START Listed entries

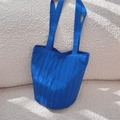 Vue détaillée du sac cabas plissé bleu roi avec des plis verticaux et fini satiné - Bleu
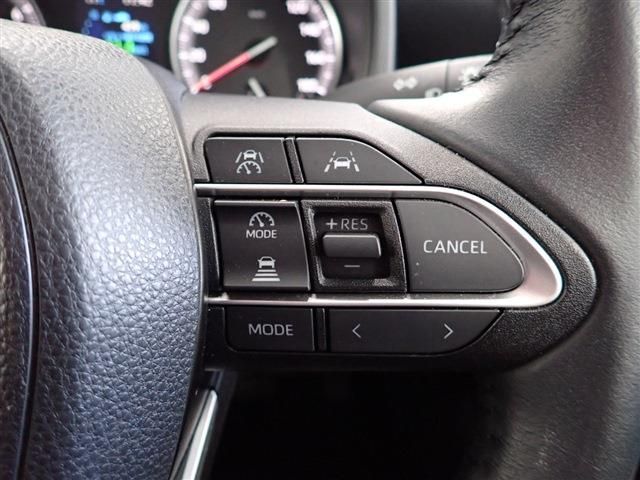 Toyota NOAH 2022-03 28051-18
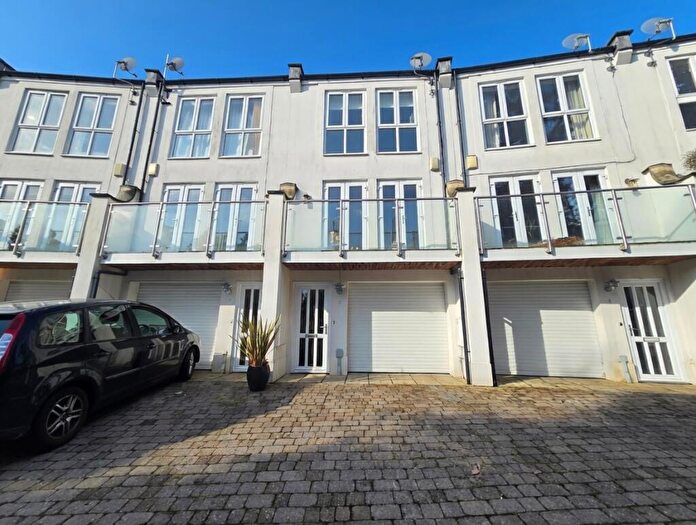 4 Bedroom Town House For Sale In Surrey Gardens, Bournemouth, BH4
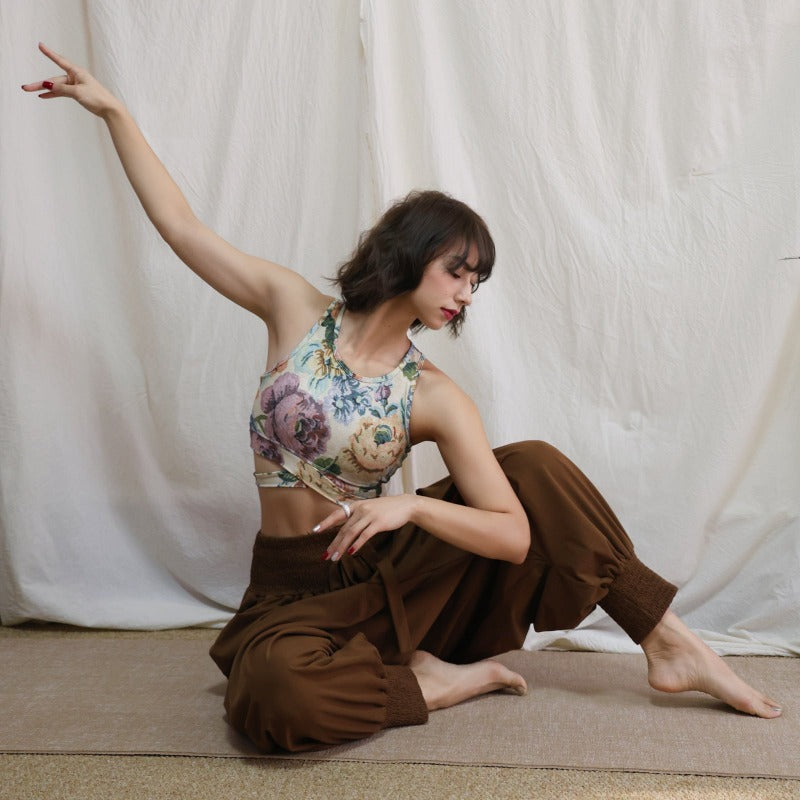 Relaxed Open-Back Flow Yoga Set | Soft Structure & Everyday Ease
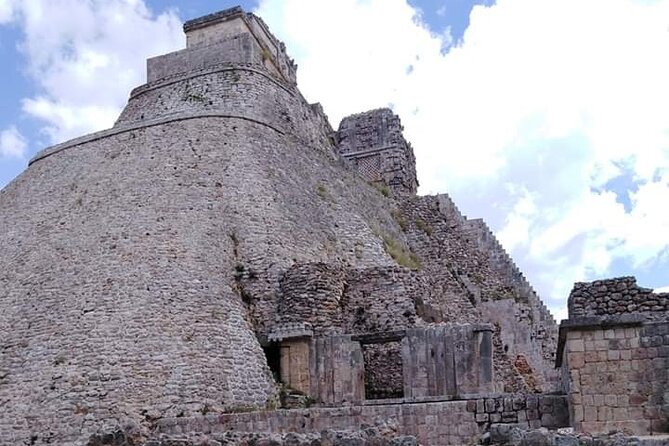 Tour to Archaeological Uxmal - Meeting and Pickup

END Listed entries

Required work — Images are to be omitted; everything else in the records is to be transcribed exactly.

Result of this task —
 Vue détaillée du sac cabas plissé bleu roi avec des plis verticaux et fini satiné - Bleu
 Toyota NOAH 2022-03 28051-18
 4 Bedroom Town House For Sale In Surrey Gardens, Bournemouth, BH4
 Relaxed Open-Back Flow Yoga Set | Soft Structure & Everyday Ease
 Tour to Archaeological Uxmal - Meeting and Pickup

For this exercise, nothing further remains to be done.